Este mes celebramos el aniversario de la inauguración de la autovía Tarragona-Reus (1982) y de la variante sur de la capital del Baix Camp (2000), a las que siguieron la C-14 de Alcover y diversos tramos de la Autovía del Mediterráneo. Sorprende, por contraste, la escasa perspectiva estratégica que ha permitido la cronificación del vergonzoso embudo que nos separa de Montblanc, cuyos primeros damnificados somos los propios habitantes que vivimos a ambos lados de este muro natural. La industria y el Port también son víctimas directas de este punto negro, cuya persistencia ha volatilizado últimamente varias oportunidades de desarrollo económico. Tampoco podemos olvidarnos del turismo, un sector especialmente sensible al estado de las infraestructuras de transporte. Da la sensación de que nuestros gobernantes no son conscientes de la imagen tercermundista que muchos visitantes se llevan de nuestro territorio al quedar atrapados en los interminables atascos de la Riba, destrozando así el trabajo que se realiza desde hace años para la mejora y consolidación de la marca Costa Daurada.


Sin embargo, durante los últimos meses hemos podido atisbar una pequeña luz al final del túnel, nunca mejor dicho. El Consejo de Ministros del pasado 21 de diciembre dio luz verde a la reanudación de las obras de la A-27, y el subdelegado del Gobierno, Joan Sabaté, declaró el mes pasado que la perforación para conectar ambas vertientes de la montaña se iniciará este mismo verano.
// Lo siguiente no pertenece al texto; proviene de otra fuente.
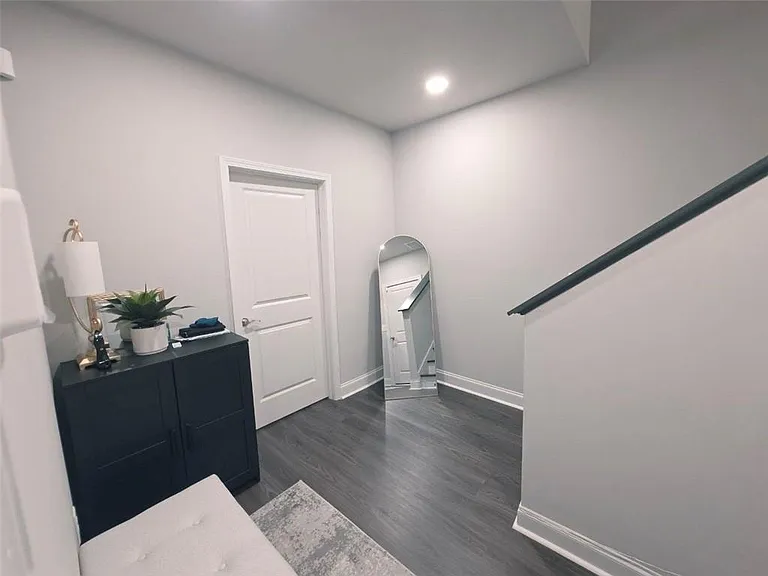 8020 Linfield Way — Photo 24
Según los cálculos del Ministerio de Fomento, si no se producen imprevistos de última hora, la autovía de Montblanc será una realidad a finales del año 2021. Sin embargo, han sido tantas las ocasiones en que se ha anunciado la finalización de esta infraestructura, que resulta inevitable un cierto clima de escepticismo entre los ayuntamientos y sectores empresariales que llevan lustros exigiendo la conclusión de esta vía rápida. Demasiadas paralizaciones de obras, demasiados retrasos en los plazos, demasiados replanteamientos del proyecto.

Esperemos que las promesas de nuestros políticos se cumplan esta vez, y ninguna circunstancia técnica o económica posponga la inauguración de un eje de comunicación esencial para nuestras comarcas. Nos jugamos la seguridad de nuestros conductores, la competitividad de nuestras empresas, la satisfacción de nuestros visitantes y la imagen de nuestro territorio. Demasiados frentes abiertos para volver a las andadas.